Budgeted total manufacturing overhead $426,300
Budgeted total direct-labor hours (based on practical capacity) 20,300
During March, the firm worked on the following two production jobs:
Job number T81, consisting of 76 trombones
Job number C40, consisting of 110 cornets
The events of March are described as follows:
- One thousand square feet of rolled brass sheet metal were purchased on account for $5,000. b. Four hundred pounds of brass tubing were purchased on account for $4,000.
c. The following requisitions were submitted on March 5:
Requisition number 112: 250 square feet of brass sheet metal at $5 per square foot (for job number T81)

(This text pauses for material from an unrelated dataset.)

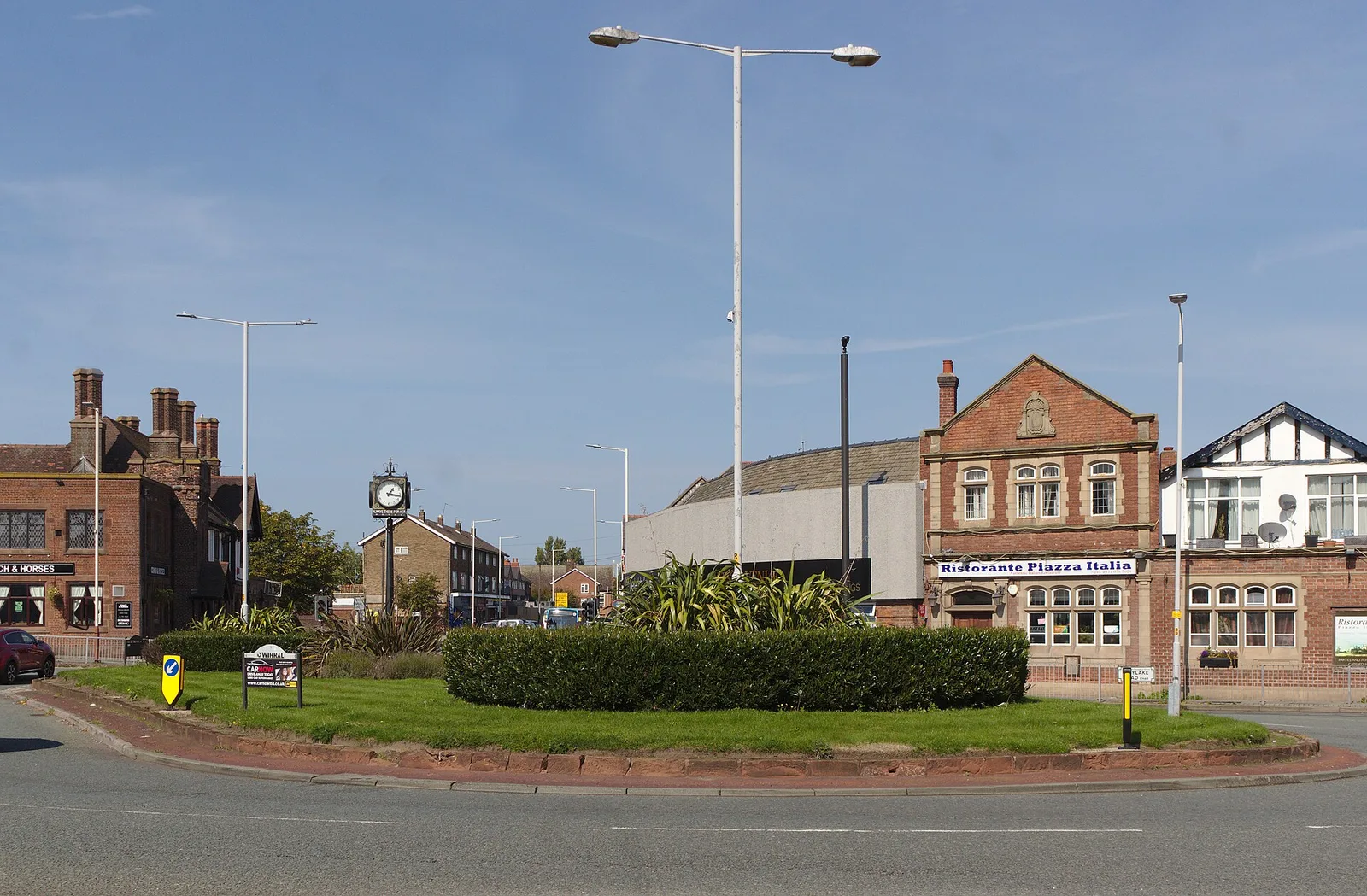 Shops and traffic at Moreton Cross crossroads in Wirral, seen from the central refuge on Upton Road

Requisition number 113: 1,000 pounds of brass tubing, at $10 per pound (for job number C40)
Requisition number 114: 10 gallons of valve lubricant, at $10 per gallon
All brass used in production is treated as direct material. Valve lubricant is an indirect material.
- An analysis of labor time cards revealed the following labor usage for March.
Direct labor: Job number T81, 800 hours at $20 per hour
Direct labor: Job number C40, 900 hours at $20 per hour
Indirect labor: General factory cleanup, $4,000
Indirect labor: Factory supervisory salaries, $9,000
- Depreciation of the factory building and equipment during March amounted to $12,000.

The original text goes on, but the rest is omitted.